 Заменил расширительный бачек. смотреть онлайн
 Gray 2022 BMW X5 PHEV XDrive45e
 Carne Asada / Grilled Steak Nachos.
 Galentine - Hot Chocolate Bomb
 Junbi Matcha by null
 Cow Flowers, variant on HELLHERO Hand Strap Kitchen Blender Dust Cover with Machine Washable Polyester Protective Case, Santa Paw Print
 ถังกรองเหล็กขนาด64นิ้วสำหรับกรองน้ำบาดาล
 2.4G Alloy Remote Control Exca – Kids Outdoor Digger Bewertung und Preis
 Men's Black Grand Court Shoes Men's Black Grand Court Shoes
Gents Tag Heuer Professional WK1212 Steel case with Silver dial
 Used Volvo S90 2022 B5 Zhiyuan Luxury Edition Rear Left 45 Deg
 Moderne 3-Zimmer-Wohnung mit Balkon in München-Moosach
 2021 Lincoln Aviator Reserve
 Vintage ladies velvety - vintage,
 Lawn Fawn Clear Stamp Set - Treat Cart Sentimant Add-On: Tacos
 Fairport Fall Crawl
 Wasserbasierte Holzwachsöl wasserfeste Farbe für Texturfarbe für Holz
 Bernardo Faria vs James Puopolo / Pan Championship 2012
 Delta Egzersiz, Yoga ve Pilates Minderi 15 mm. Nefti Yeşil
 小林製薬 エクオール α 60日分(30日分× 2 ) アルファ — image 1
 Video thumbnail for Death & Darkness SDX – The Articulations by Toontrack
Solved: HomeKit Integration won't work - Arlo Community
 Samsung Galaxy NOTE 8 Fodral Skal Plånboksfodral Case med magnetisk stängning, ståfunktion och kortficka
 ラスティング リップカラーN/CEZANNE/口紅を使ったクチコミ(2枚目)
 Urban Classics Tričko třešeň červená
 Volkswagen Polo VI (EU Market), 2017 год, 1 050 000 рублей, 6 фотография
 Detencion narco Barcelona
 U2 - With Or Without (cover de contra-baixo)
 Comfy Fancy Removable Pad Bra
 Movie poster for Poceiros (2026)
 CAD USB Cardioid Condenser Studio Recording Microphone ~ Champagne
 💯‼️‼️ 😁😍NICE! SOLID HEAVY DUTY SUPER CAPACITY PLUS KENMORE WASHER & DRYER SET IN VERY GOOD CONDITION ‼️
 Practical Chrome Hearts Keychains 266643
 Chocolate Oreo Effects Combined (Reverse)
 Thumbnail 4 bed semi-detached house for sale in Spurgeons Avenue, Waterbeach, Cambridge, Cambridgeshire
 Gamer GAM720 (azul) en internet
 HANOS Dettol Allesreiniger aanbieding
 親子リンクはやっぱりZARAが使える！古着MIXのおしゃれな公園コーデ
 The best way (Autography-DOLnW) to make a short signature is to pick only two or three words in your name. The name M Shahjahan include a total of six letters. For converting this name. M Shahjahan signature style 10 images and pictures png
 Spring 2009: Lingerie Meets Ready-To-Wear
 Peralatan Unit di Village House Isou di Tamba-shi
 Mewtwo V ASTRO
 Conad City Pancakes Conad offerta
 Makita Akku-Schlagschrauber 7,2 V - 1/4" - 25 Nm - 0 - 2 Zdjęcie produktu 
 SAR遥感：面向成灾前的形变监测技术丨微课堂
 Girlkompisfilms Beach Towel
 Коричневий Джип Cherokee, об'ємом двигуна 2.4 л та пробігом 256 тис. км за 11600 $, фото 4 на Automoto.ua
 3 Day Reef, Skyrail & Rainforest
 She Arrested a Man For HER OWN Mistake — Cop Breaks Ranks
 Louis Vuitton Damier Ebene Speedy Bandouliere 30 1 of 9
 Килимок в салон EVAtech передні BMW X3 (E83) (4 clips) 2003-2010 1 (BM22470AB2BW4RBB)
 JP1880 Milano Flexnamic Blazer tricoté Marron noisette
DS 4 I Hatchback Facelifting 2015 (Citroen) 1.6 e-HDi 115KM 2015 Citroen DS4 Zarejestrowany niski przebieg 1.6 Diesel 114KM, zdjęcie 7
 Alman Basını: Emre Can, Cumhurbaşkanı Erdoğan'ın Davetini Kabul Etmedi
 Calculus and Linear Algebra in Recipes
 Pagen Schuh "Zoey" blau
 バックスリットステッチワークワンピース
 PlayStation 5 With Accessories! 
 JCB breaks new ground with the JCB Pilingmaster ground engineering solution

- - -

§ **Task to complete**:
There is a line with "The best way" and a line with "3 Day Reef, Skyrail & Rainforest" above. Copy exactly those two lines and all lines between them, with nothing else.

§ **Exercise output**:
 The best way (Autography-DOLnW) to make a short signature is to pick only two or three words in your name. The name M Shahjahan include a total of six letters. For converting this name. M Shahjahan signature style 10 images and pictures png
 Spring 2009: Lingerie Meets Ready-To-Wear
 Peralatan Unit di Village House Isou di Tamba-shi
 Mewtwo V ASTRO
 Conad City Pancakes Conad offerta
 Makita Akku-Schlagschrauber 7,2 V - 1/4" - 25 Nm - 0 - 2 Zdjęcie produktu 
 SAR遥感：面向成灾前的形变监测技术丨微课堂
 Girlkompisfilms Beach Towel
 Коричневий Джип Cherokee, об'ємом двигуна 2.4 л та пробігом 256 тис. км за 11600 $, фото 4 на Automoto.ua
 3 Day Reef, Skyrail & Rainforest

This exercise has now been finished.